WHAT YOU HAVE TO DO:
For every entry, reproduce the wording exactly and omit any image it holds.

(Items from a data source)
··········

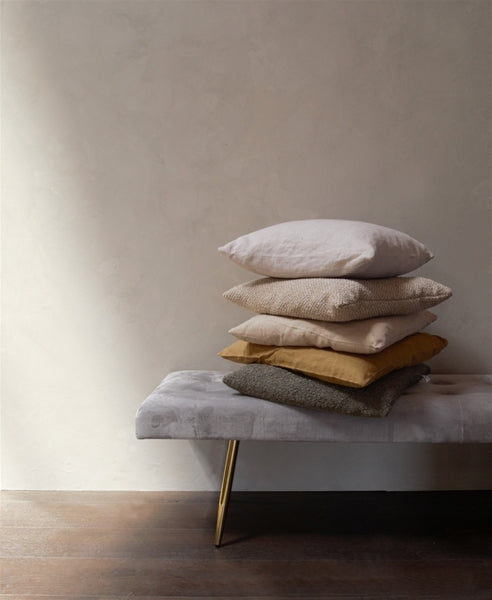 Cushion Boucle
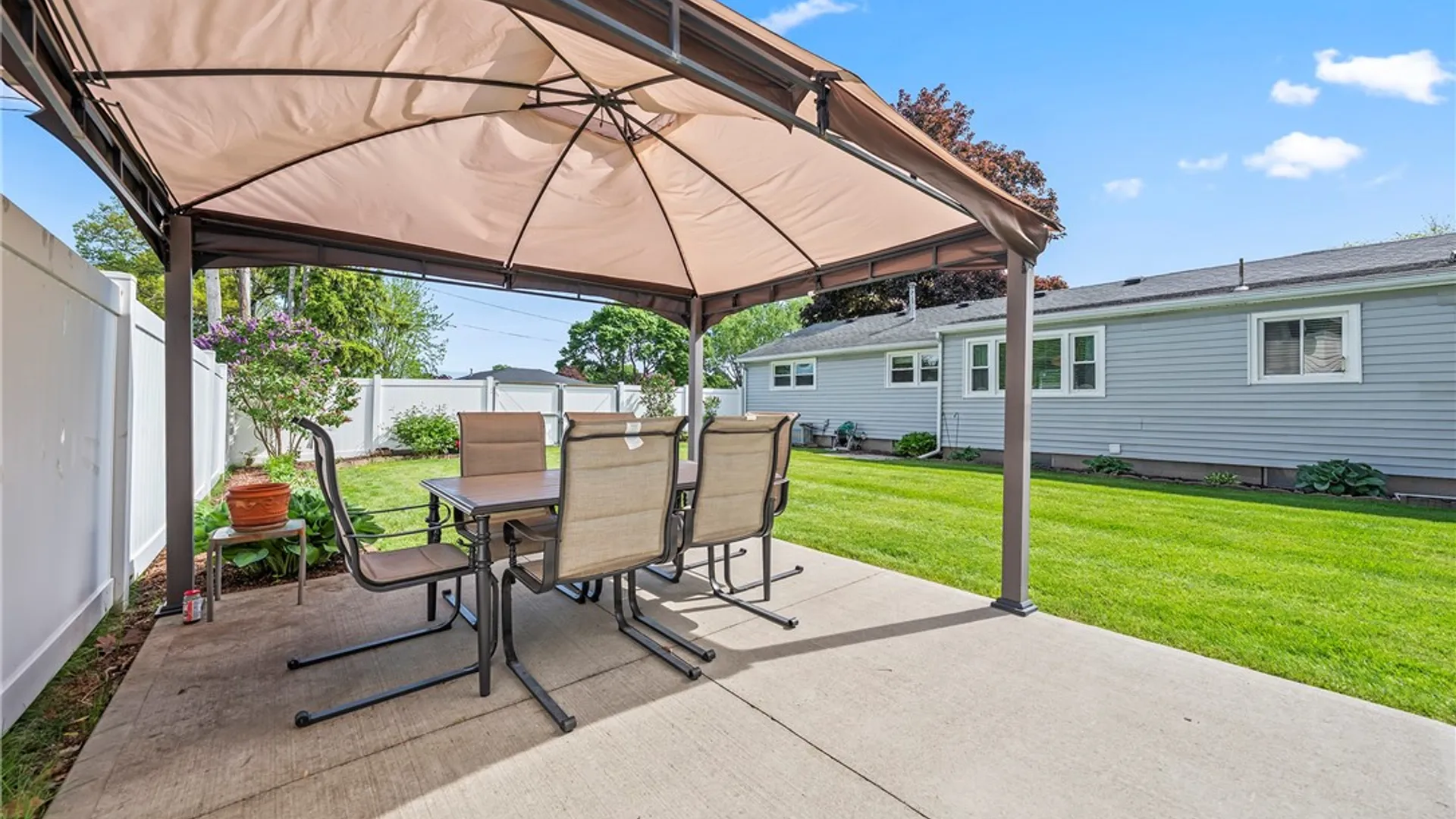 Property at 45 Everclay Drive, Greece, NY 14616 23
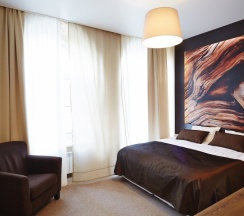 Люкс с балконом в Geleon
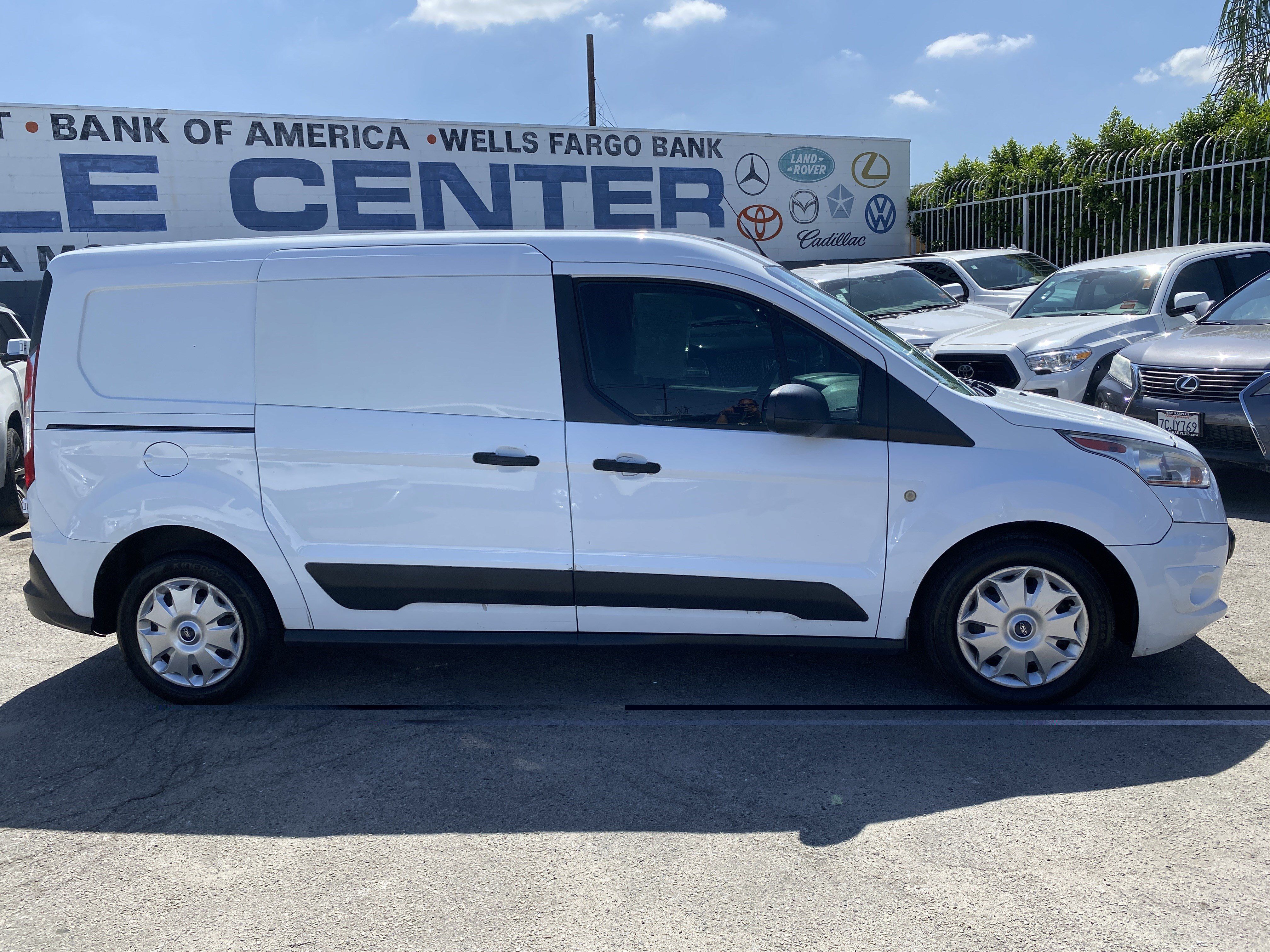 Used 2016 Ford Transit Connect XLT FWD image 9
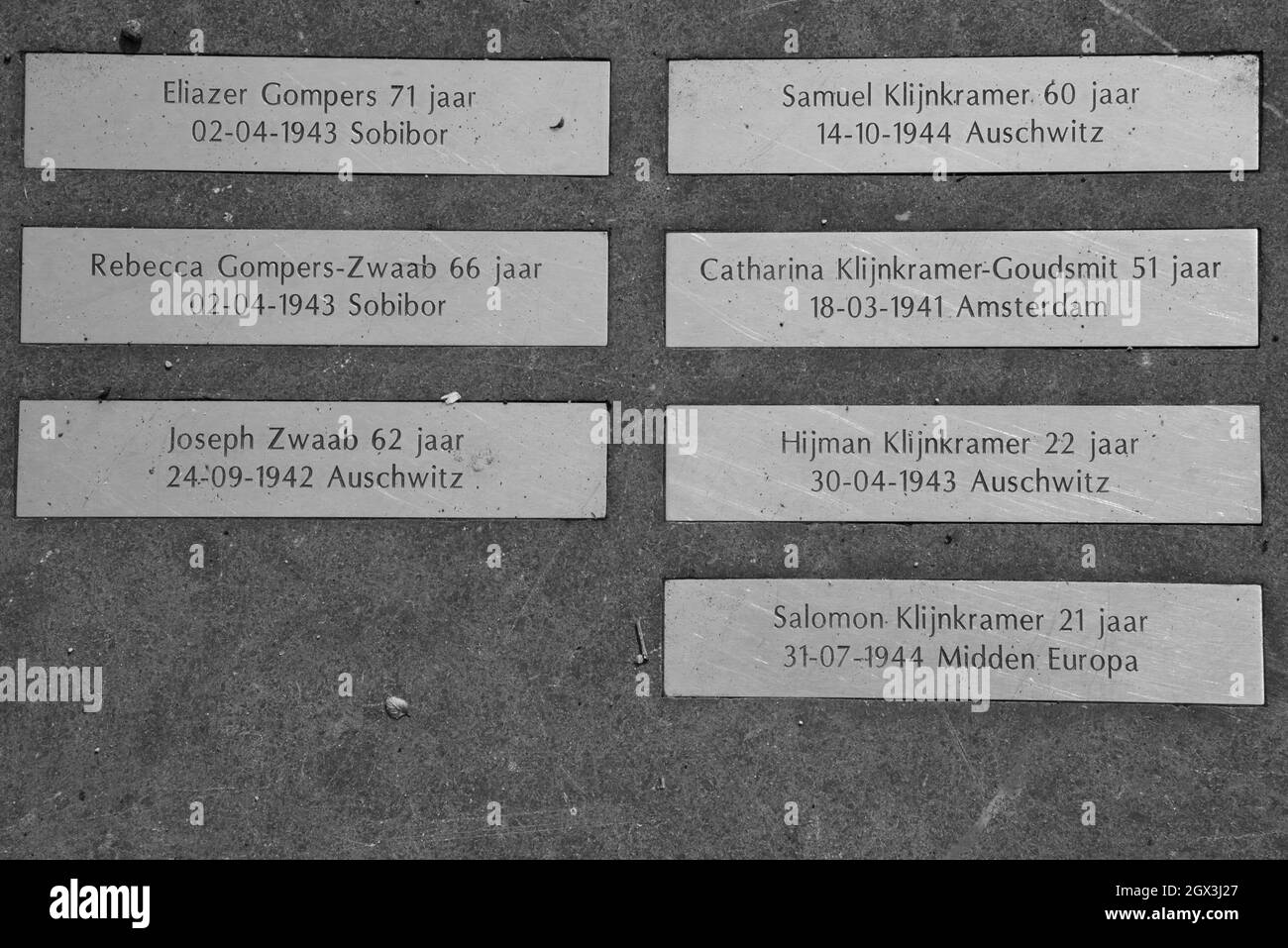 Amsterdam, Paesi Bassi. Settembre 20231. Targhe sul marciapiede in memoria degli ebrei deportati durante la seconda Guerra Mondiale. Foto di alta qualità Foto Stock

··········

SOLUTION TO THE PROBLEM:
 Cushion Boucle
 Property at 45 Everclay Drive, Greece, NY 14616 23
 Люкс с балконом в Geleon
 Used 2016 Ford Transit Connect XLT FWD image 9
 Amsterdam, Paesi Bassi. Settembre 20231. Targhe sul marciapiede in memoria degli ebrei deportati durante la seconda Guerra Mondiale. Foto di alta qualità Foto Stock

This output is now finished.